Vaccines can be a hot topic for debate. The rise of the anti-vax movement has led many of us to question the safety of vaccines. There have been multiple studies done that prove that vaccine reaction is few and far between and that they do more harm than good, yet there is still a lot of worries. In the midst of this growing topic of debate, we have the pandemic and a vaccine that should be able to help us, if enough of the population gets it. Many are concerned about this vaccine though. Has it been tested enough? Is it safe? These questions may linger in the minds of many, along with “what if I don’t get it?” If you choose not to get there is one thing that might be seriously affected.
Can your employer require you to get (any) vaccine?
The short answer is yes. Part of the employer’s job is to provide a healthy and safe environment for the employees, and they are given a lot of room to determine what some of the standards are. If there is a disease that harms the employees, then an employer is allowed to decide what preventative measures there are, and that includes making certain vaccines mandatory for everyone.

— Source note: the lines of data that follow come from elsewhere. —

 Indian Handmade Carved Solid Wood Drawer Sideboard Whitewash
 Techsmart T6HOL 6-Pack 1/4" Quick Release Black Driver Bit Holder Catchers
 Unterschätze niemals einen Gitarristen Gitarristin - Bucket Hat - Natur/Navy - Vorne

Is the COVID 19 vaccine an exception?
Many people have raised this question and they have some good points for it. After all, neither vaccine candidate has been fully approved by the FDA. They have only been authorized for emergency use. This is referred to as temporary permission for the vaccine to be put on the market and it is only due to the state of the country that this was granted.
The Equal Employment Opportunity Commission has spoken out on this. According to recently issued guidelines, employers do have a right to enforce a mandatory vaccination policy. The exceptions that apply to other mandatory vaccination policies do apply and we will go into detail about them next.

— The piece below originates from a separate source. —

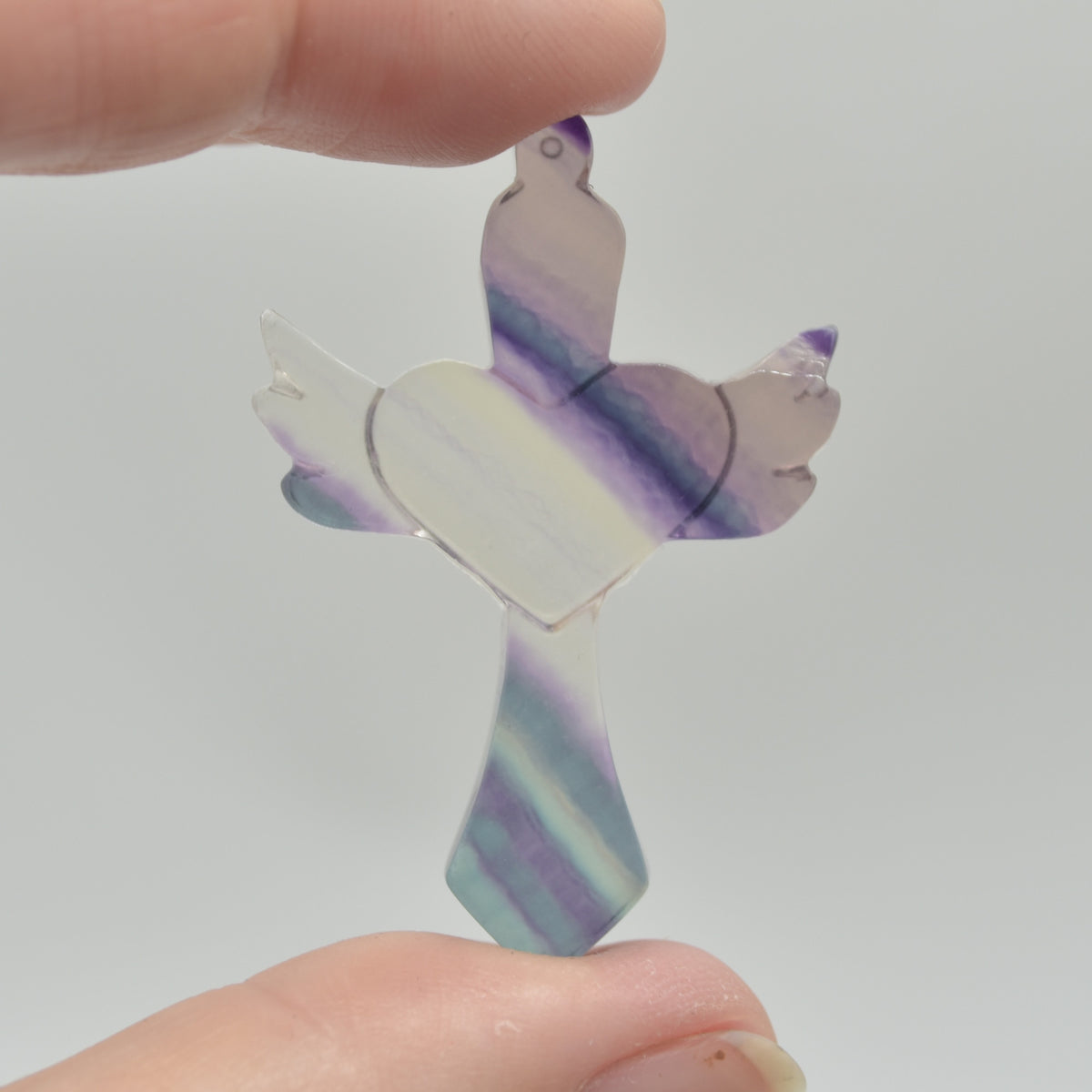 Rainbow Fluorite Crystal Carved Cross With Wings - 5cm - #05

Religious and personal belief exemptions
Personal belief exemptions are not considered viable for vaccination refusal. This means that if you do not want to get the vaccine for a person, non-religious reasons (such as political or safety) then your employer can still require you to get it and can choose to let you go if you refuse.
Religious beliefs are not considered a part of the personal belief umbrella. If getting a vaccine is truly against one’s religion, then an employer must provide “reasonable accommodation.”

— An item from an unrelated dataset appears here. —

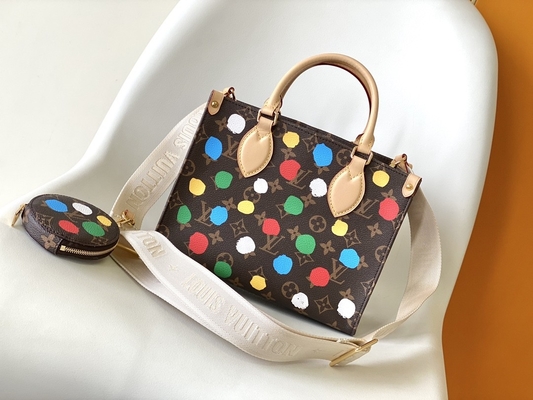 LV x Yayoi Preloved клеймил вензель Kusama OnTheGoMM сумки Multicolor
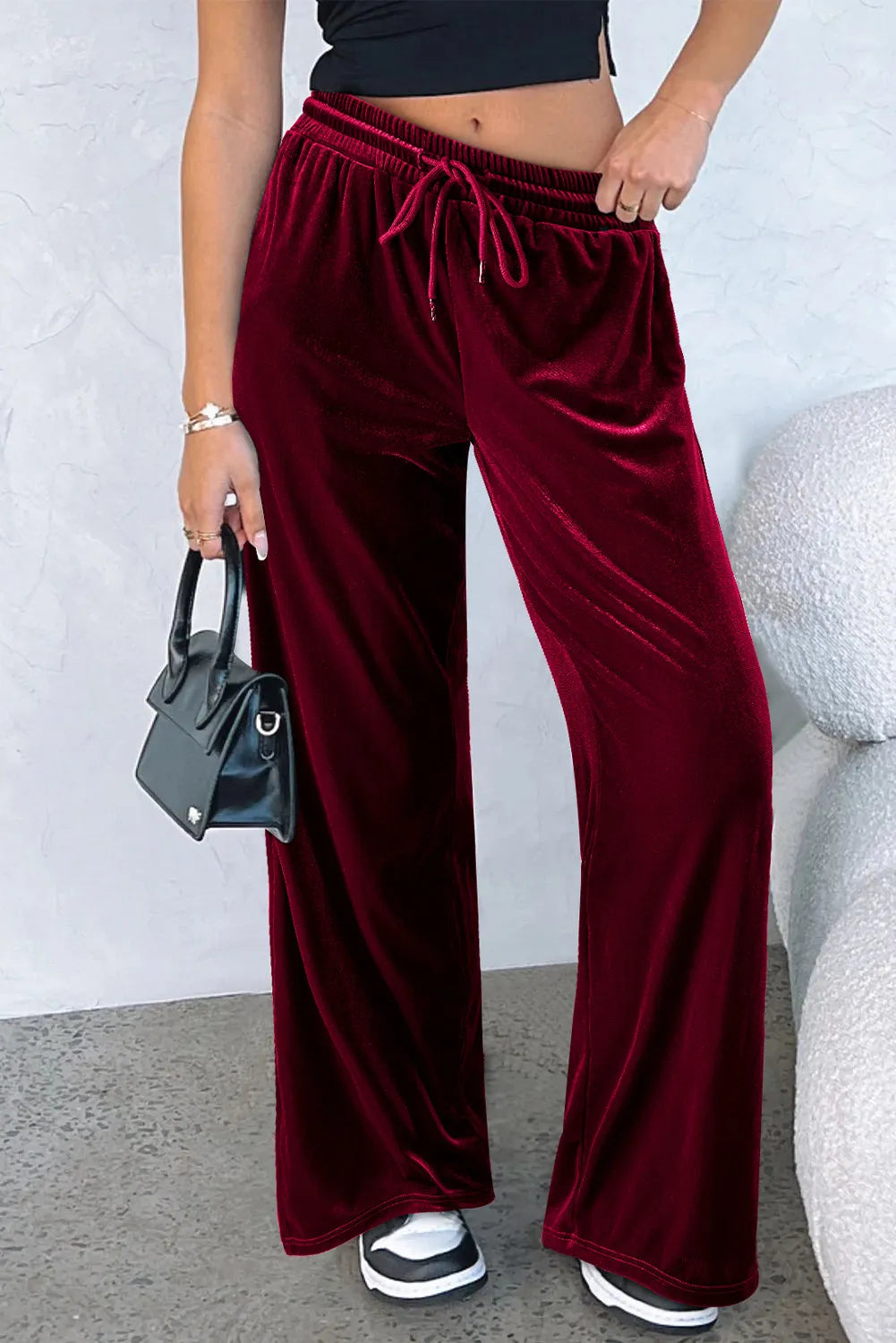 Burgundy Solid Drawstring Waist Wide Leg Pants - Chic Meadow Boutique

If you have a disability that stops you from getting the vaccine, your rights are in the same category as religious exemptions. An employer must provide reasonable accommodation for you.
What is a reasonable accommodation?
Reasonable accommodation states that an employer may still follow the guidelines they set for the workplace, and it is likely that those who cannot get the vaccine will not be returning to the office. Instead, a “reasonable accommodation” might look like working from home.
The employer does not have to provide this accommodation if it would result in “undue hardship”. If this is the case, the employer does not immediately have the right to fire you. There are many laws that protect you. They will vary from state to state.